= Wetting-down =

U.S. Navy ceremony

Wetting-down is a raucous ceremony for newly promoted officers observed in the U.S. and Royal navies, and the U.S. Coast Guard. The U.S. Marines, National Oceanic and Atmospheric Administration Corps, and U.S. Public Health Service officers also participate in this custom as homage to their naval heritage.

==Procedure==

The wetting-down celebration is consistently paid for and hosted by the newly promoted officer, who invites their friends, which usually include several officers of the same rank at which they have most recently served. It is customary for the officer to spend the difference between their pay at their old rank and their pay at the new rank on the bar tab for their guests.

Normally the party occurs at a bar or pub frequented by officers. Being located in a bar, there is typically a great deal of drinking of alcohol. There must always be at least one ceremonial toast. Friends present several rowdy speeches expressing their appreciation of the new officer's good comradeship and endearing faults.

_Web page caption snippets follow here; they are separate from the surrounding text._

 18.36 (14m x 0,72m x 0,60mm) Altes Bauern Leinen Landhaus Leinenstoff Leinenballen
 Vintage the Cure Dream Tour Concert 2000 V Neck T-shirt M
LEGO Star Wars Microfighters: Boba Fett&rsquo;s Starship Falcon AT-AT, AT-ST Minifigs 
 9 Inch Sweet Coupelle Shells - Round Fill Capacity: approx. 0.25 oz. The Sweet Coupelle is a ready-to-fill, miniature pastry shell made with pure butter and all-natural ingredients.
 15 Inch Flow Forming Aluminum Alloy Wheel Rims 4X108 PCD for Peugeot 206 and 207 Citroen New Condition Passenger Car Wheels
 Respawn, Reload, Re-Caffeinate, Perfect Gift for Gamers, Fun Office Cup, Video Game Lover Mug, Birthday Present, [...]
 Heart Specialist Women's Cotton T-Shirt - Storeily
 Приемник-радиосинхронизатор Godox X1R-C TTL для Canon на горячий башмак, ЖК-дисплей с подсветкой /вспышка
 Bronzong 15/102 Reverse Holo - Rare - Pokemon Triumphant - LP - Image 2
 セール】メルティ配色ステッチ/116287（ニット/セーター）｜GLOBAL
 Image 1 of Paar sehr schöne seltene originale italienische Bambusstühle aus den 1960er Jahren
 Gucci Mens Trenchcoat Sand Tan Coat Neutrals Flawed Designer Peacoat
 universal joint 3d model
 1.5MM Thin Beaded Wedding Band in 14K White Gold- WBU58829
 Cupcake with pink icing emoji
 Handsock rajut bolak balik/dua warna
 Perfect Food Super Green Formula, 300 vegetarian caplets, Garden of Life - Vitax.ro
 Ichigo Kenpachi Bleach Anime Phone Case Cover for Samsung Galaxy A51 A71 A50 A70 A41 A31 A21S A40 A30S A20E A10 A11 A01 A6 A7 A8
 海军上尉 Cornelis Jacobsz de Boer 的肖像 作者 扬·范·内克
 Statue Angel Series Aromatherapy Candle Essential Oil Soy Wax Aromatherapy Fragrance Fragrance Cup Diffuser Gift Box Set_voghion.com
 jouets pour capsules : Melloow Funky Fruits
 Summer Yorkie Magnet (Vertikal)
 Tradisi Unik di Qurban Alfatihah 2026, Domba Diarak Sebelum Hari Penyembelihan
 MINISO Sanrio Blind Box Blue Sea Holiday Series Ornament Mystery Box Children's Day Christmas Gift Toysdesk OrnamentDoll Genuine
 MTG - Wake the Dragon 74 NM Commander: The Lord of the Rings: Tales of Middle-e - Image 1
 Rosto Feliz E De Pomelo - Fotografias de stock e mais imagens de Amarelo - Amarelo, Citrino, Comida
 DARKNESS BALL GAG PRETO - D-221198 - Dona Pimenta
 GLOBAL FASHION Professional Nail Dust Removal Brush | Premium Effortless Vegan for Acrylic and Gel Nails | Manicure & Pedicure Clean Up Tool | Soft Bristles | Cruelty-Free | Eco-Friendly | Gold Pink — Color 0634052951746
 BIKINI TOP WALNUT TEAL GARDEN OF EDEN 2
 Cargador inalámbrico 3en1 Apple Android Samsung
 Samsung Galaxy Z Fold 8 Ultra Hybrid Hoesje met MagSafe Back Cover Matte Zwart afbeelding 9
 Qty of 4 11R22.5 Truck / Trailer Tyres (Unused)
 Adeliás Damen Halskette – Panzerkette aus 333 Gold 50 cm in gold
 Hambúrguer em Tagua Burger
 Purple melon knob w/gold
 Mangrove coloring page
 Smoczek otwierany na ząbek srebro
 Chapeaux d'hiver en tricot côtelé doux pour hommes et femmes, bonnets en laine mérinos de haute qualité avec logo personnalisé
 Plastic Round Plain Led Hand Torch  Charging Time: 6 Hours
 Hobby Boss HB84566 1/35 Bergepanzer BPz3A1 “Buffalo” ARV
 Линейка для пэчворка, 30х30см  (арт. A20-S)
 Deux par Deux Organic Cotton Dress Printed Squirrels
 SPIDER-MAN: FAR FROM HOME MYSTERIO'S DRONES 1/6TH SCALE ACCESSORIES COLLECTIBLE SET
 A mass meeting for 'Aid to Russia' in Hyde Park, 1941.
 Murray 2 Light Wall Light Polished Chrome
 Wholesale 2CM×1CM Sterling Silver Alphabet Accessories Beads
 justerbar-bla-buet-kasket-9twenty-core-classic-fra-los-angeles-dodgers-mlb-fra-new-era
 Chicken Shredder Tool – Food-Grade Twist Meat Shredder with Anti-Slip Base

Often one of the speeches describes an embarrassing event in the new officer's career which occurred under the old rank, although this latter variety of speech is sometimes discouraged in order to avoid providing evidence pertinent to a disciplinary hearing.

==Improvisations==

A wetting-down party is informal and improvisations on the ceremony are the rule, not the exception. The senior officer present may make the final speech, or if present, the commanding officer who made the promotion can make the final speech. Sometimes the final speech is presented by the new officer's father, especially if he has served in a navy. Although, for particularly exuberant wetting-down parties, parents and senior officers are not usually invited and the honor falls to one of the new officer's close friends.

==History==

The "wetting down" for such a party term comes from the historical practice of wetting new rank insignia to give it a more weathered appearance. In most navies, officers's rank insignia consists of gold braiding in the form of stripes on the cuff, epaulets, and (historically) arrangements of gold braid on buttonholes, collars, etc. Upon promotion, a newly added stripe or epaulet would stand out against the more weathered gold braiding already on the uniform. Newly promoted officers would literally soak the new gold braid (usually with either seawater or an alcoholic beverage) to make it appear older so that the promotion would not look as recent. Modern wetting down parties may or may not include some version of, or homage to, this ritual, such as pouring beer over the officer's head or forcing them to jump fully-uniformed into the ocean.